Editorial
Gisele Barbosa São Carlos Institute Of Physics, University Of São Paulo, Brazil
Recieved on: 2024-04-03, Accepted on: 2024-04-22, Published on: 2024-04-28
The discovery and development of new pharmaceuticals drugs present a mounting challenge, marked by increasing complexity and costs. Late-stage failures, particularly in phase III trials, carry significant financial burdens. Notably, attrition rates are higher during phase II and submission phases. Consequently, drug discovery initiatives have heavily invested in frontloading activities aimed at mitigating risks and minimizing attrition during the early stages of drug development [1]. Thus, early screening and optimization of drug metabolism and pharmacokinetics (DMPK), alongside considerations of physicochemical properties, have emerged as pivotal factors. These efforts aim to ensure that compounds exhibit desirable attributes such as solubility, permeability, oral bioavailability, suitable half-life, clearance for dosing regimens, and lack of drug-drug interactions [1]. Such criteria constitute integral components of rational drug discovery, necessitating the utilization and further refinement of well-established in vitro, in vivo, and in silico methodologies [2,3]. Numerous studies have elucidated the influence and significance of descriptors encompassing both calculated physical and chemical properties and ADME (Absorption, Distribution, Metabolism, and Excretion) properties of compounds. These descriptors furnish reliable in silico insights, facilitating informed decision-making throughout the drug development pipeline [4]. Emphasizing the assessment of developability risks associated with a molecule's progression into clinical development, these studies enhance the prospects of success for novel drug candidates. Consequently, there is a pressing need for the advancement of machine learning methods and in silico programs to provide more nuanced assessments of drug-like properties to researchers.

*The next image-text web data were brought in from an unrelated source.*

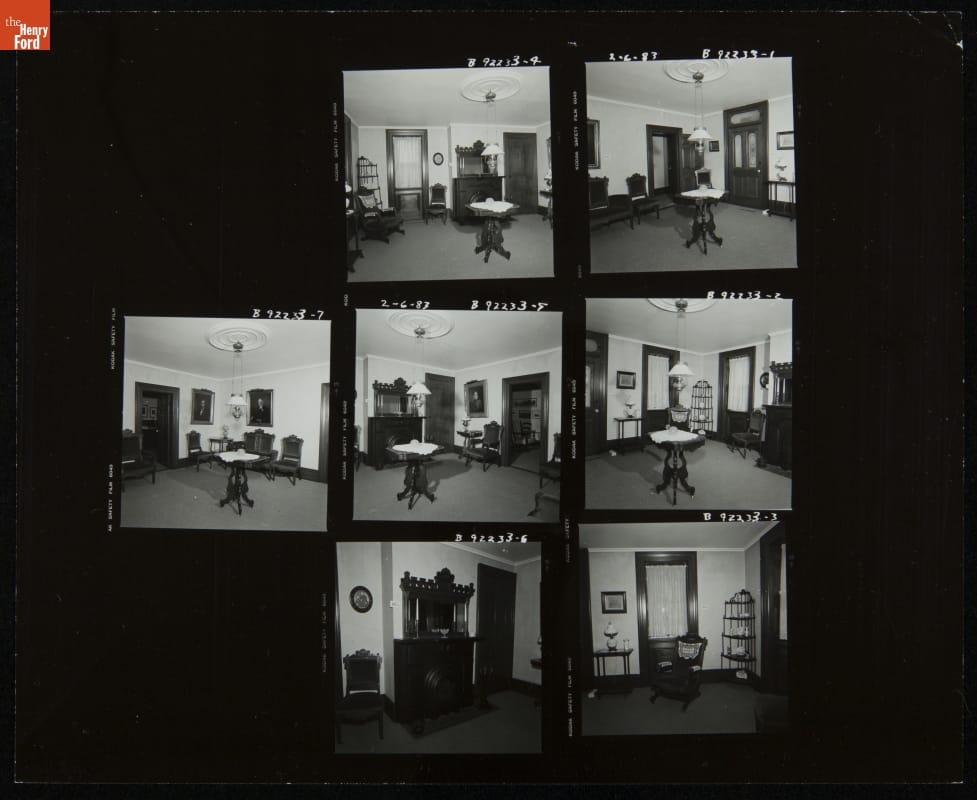 Views of the Parlor in Firestone Farm at its Original Site, Columbiana County, Ohio, February 6, 1983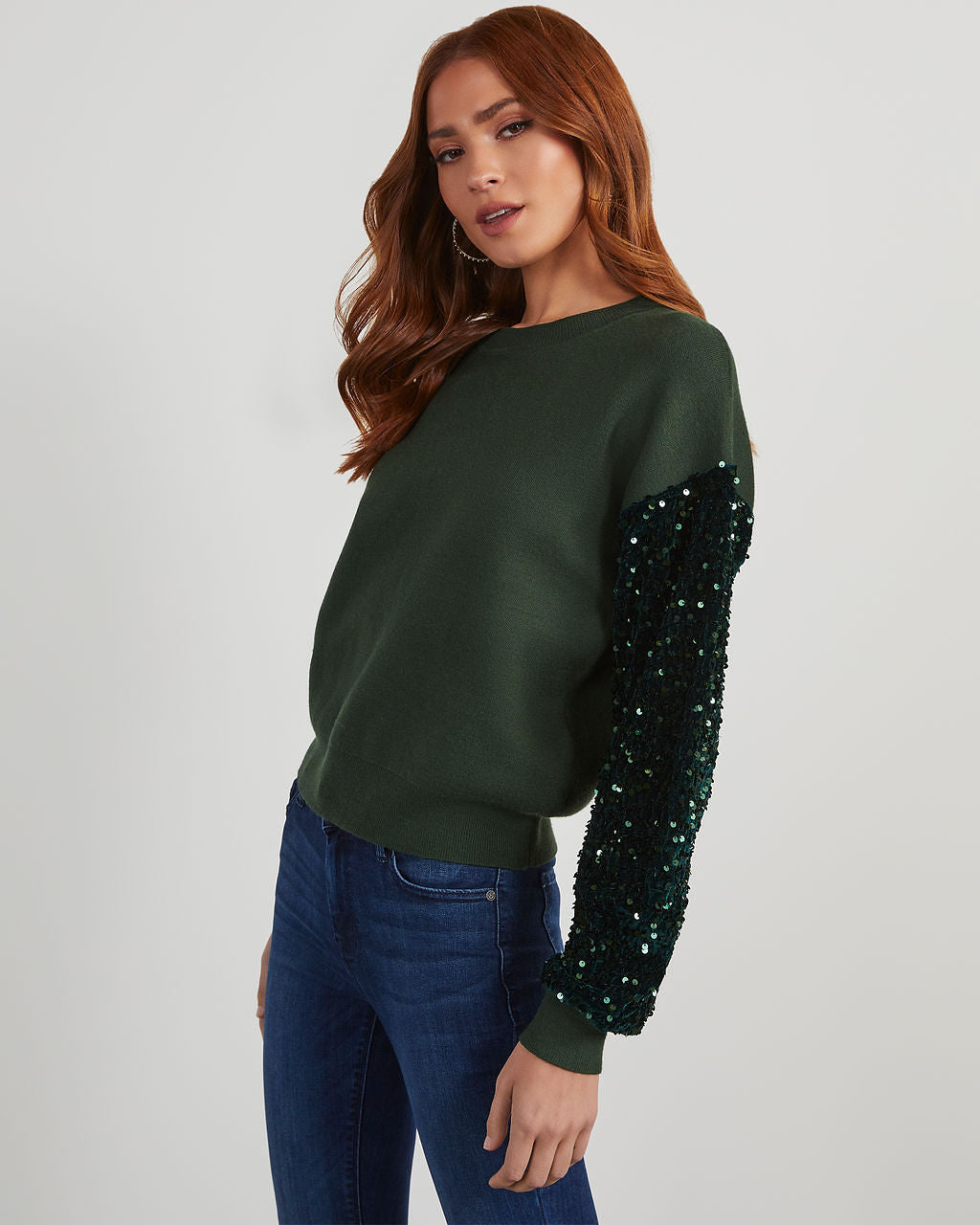 Yumi Contrast Sequin Knit Sweater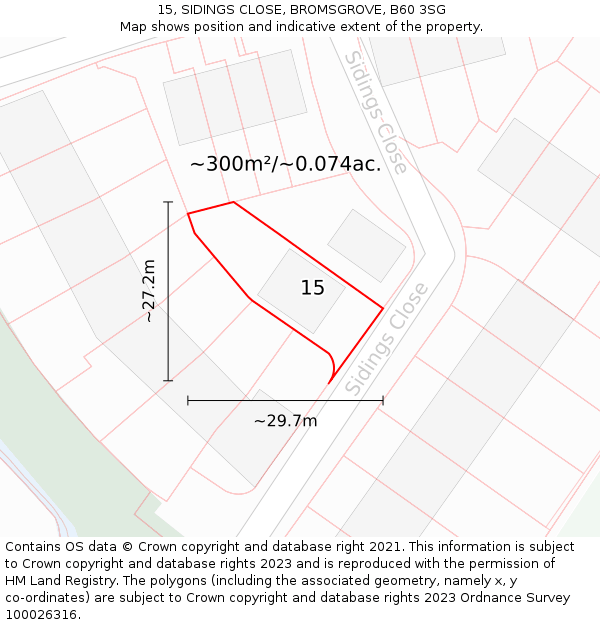 15, SIDINGS CLOSE, BROMSGROVE, B60 3SG: Plot and title map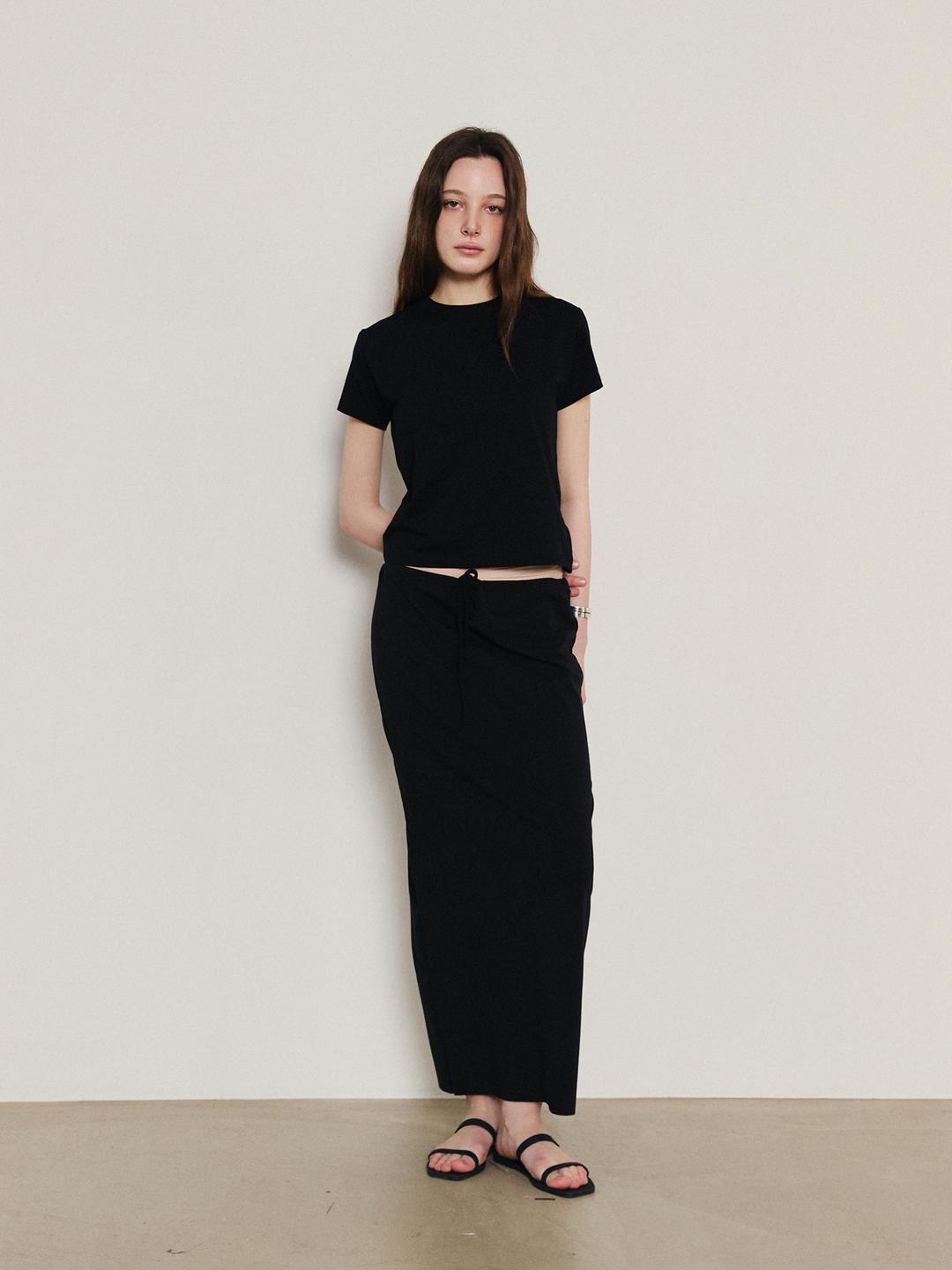 Strap Long Skirt - Black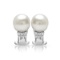 14K WHITE GOLD 9.6MM PEARL 0.25CT DIAMOND EARRINGS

The Importance Of DMPK Researches. Pharm Drug Inno 2:1 With a contemporary outlook, recognizing the pivotal role of animal models in predicting pharmacokinetics during the preclinical phase underscores the importance of adopting alternative methodologies. The inherent limitations and discrepancies between human and animal physiology necessitate innovative approaches to circumvent erroneous pharmacokinetic predictions. Consequently, there is a growing momentum towards reducing and ultimately prohibiting animal testing in drug discovery. In this context, in vitro tests utilizing human-derived cells have emerged as effective alternatives [5]. Microfluidic technology has garnered attention as a transformative tool in cell-based assays, offering platforms such as cell-on-a-chip, single/multiple organ-on-a-chip, and body-ona-chip. By faithfully replicating in vitro environments, these platforms facilitate the maintenance of cellular function and morphology, as well as the emulation of organ interactions. Notably, body-on-a-chip models integrating multi-organ functions hold promise for predicting complex organ interactions [5,6]. Moreover, physiologically-based pharmacokinetic (PBPK) modelling and in vitro system technologies have emerged as invaluable tools for comprehending the ADME processes of drugs in the early stages of drug discovery. The insights gleaned from these studies contribute significantly to advancing our understanding of the therapeutic effects of drugs on human pathophysiology. Continued progress in preclinical trials is imperative to ensure a streamlined and cost-effective drug development process, ultimately yielding safer medications.